During that first mission in 2001, Ramon performed nearly 100 vasectomies, and during a second mission in February 2002, he performed over 100 vasectomies. The modus operandus was established, but Ramon, Bob, Nenita, and Benita needed a broader base of support. So with the help of a carefully chosen accountant and attorney, they formed a non-profit charitable organization under 501(C)(3) of the Internal Revenue Code and called it No-Scalpel Vasectomy International, Inc. (NSVI), so that they could formally receive the donations of enthusiastic supporters. Through funding from the United Nations Population Development Program, NSVI was able to invite Dr. Li and his team from China in 2003 to conduct the first-ever Philippine training seminar for NSV, with presentations and missions at three sites on Cebu Island (Cebu City, Carmen, and Minglanilla), contributing to the expert training of nearly 20 vasectomists. One of these doctors was Joseph Alesna, M.D., an independent-minded pediatric surgeon, overwhelmed by a workload that gave him a special appreciation for the importance of a manageable family size.

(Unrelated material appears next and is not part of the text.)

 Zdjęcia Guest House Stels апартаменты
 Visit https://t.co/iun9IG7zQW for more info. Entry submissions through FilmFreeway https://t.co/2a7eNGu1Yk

With NSVI on all subsequent missions, he performs not only NSV, but volunteers his other general surgical skills to complement the needs of NSV patients when the occasions arise.
For some geographic orientation and to see where NSVI has worked through the years, please see our Where We Work page.
NSVI now has over 100 donors throughout the US.
Contributions to NSV International, Inc. are used for the following:
- To pay Dr. Alesna for his year-round services on a per case basis.
- To purchase and maintain the instruments and supplies used by Dr. Alesna.
- To reimburse the facility where Dr. Alesna provides services (Sacred Heart Hospital of Southwestern University).
- To pay nurses and social workers to provide patient education and public awareness of vasectomy, including brochures printed in local dialects, for both year-round services and annual missions.
- Transportation, board and lodging for mission surgeons, nurses, and helpers.
- To provide honorariums for mission nurses and helpers.
- To reimburse vasectomy patients for meals, transportation, and loss of family income for the day of their vasectomies and the following day of recuperation.
- To provide medications (antibiotics and analgesics) to vasectomy patients.
- To purchase disposables for vasectomy mission days: surgeons gloves, antiseptics, anesthetics, sterile drapes, bandages, etc.